Residents opposing activity
Six “No ho zone” yard signs, which were placed along North Gallatin Avenue in Uniontown on Saturday in a homespun effort to dissuade prostitutes from doing business in the neighborhood, were stolen almost as fast as they were set up. They were intended to be lighthearted notices that residents are fed up with prostitution and the poor image it and other illicit trades have given the neighborhood.
But, they also were signs of changing times in the community, said North Gallatin Avenue resident Rich Lee, who put up the signs.
“We had a little bit of fun with that. It brought awareness. It was done tastefully,” said Lee, a member of the North Gallatin Avenue Concerned Citizens Association and the city’s zoning hearing board. “It’s a sign of the times. No prostitutes. We just don’t want to see them anymore. Just go away.”
He said the choice of words used on the signs had nothing to do with Don Imus, who was recently fired from his CBS radio show for using one of the words in a slur about the Rutgers University women’s basketball team.
Like the unannounced placement of the signs, the next effort also will be a surprise, but it could carry serious consequences.
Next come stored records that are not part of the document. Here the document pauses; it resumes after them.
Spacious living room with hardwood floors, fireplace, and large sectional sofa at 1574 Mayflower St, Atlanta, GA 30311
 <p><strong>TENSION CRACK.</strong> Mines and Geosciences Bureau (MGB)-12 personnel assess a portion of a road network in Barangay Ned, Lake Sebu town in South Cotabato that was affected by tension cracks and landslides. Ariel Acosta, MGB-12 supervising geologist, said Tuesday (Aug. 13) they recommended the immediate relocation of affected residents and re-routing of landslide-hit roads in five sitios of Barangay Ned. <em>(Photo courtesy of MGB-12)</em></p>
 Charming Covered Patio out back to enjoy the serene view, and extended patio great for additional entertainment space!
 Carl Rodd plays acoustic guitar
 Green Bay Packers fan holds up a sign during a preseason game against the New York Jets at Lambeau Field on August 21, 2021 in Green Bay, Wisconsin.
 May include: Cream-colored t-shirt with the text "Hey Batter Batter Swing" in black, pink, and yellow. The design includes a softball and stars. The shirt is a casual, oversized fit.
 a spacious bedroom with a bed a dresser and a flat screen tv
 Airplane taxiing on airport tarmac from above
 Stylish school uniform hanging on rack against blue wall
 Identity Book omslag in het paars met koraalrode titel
Lee said he and more than a dozen neighborhood residents will be armed with cameras when they walk the streets that prostitutes walk and wait at the corners where prostitutes wait for customers.
The photos they take of prostitutes and johns as well as their license plates will be handed over to city police, Lee said. He said announcing the date of the “john patrol” would defeat the purpose.
“We know, but we’re not saying so we can catch them in the act,” said Lee. “We want to eradicate the problem, not just push it back a couple days.”
Although he wasn’t happy about the theft of the signs, which he put up at 5 a.m., he said he would have taken them down before Tuesday’s Americanism Day Parade.
Three signs were stolen by 8 a.m. Only one remained standing by 5:30 p.m. and that one was stolen by midnight.
City police patrolled the area and cited two women for loitering at 5 a.m.
Lee said he believes most of the signs were stolen by people who saw them as novelties.
The next effort will be more serious and similar plans will be carried out until the neighborhood is cleaned up, he said.
The North Gallatin Avenue Concerned Citizens, the city and the Uniontown Redevelopment Authority have applied for hundreds of thousands of dollars in state grants to revitalize the mostly residential neighborhood.
They also are working with another local agency to build 25 new houses for first-time homebuyers.
The city has been condemning and demolishing blighted houses and buildings in that neighborhood and the rest of the city for the last several years.
Lee said it is difficult to attract businesses and residents to the neighborhood because of problems with prostitution, drugs and absentee landlords.